Он подошел к двери барака Ордала и толкнул ее. Ордал мог убить за такое самоуправство. Но помещение оказалось пустым, если не считать Колтуна, спавшего на нарах. Навк подобрал с пола стальной прут, который бандиты использовали вместо засова, и шагнул к колонке белкового синтезатора. Подвесив под клювик крана ведро, решительно нажал на рычаг. Синтезатор захрипел и выплюнул на донышко ведра остатки дневной нормы, уже съеденной шайкой Ордала. Колтун от хрипа синтезатора заворочался и поднял голову.

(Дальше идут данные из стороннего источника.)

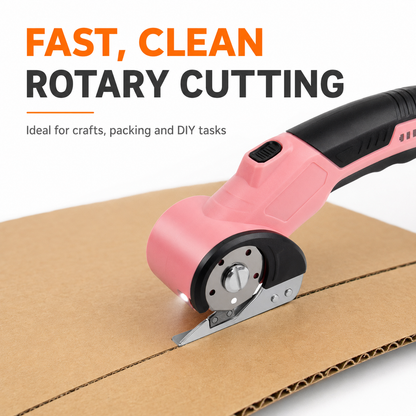Cordless Electric Fabric Cutter – Rechargeable Rotary Scissors for Fabric, Leather, Carpet & Crafts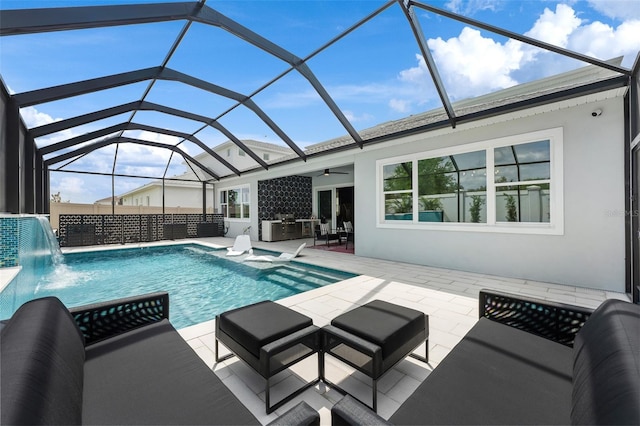 8720 Drummer Plank Dr, Wesley Chapel, FL 33545 - outdoor pool with a patio, ceiling fan, and a lanai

— Только попробуй встать!.. — зверея от ненависти, тихо сказал Навк, с прутом в руке двинувшись к опричнику. Колтун сжался, прикрывая затылок. Хрип пустого автомата стал последней каплей, переполнившей чашу терпения. Бормоча ругательства, заливаясь слезами, Навк выволок из–под нар Колтуна жирную рогатую ящерицу. Та извивалась, кусалась и визжала, морда ее была перемазана белковой баландой. Навк своим прутом принялся лупить по этой морде. Черная кровь разбрызгалась по полу и стенам, упала горячими каплями на лицо и руки. Навк выбежал из барака, волоча дохлую ящерицу, потом вернулся и выбросил пластиковые ящики, выбросил все тряпье приспешников Ордала, двумя камнями высек искру и поджег все это. Острой железкой выпотрошив еще теплую ящерицу, он насадил ее на свой прут и начал жарить.
Запах жареного мяса как магнитом притянул к костру всех каторжников. Навк видел сквозь дым, как самый ужасный из них — карлик–старик без глаз и без кистей обеих рук — своими культями уже тянется к мясу, а изуродованное лицо его дрожит от непереносимой муки.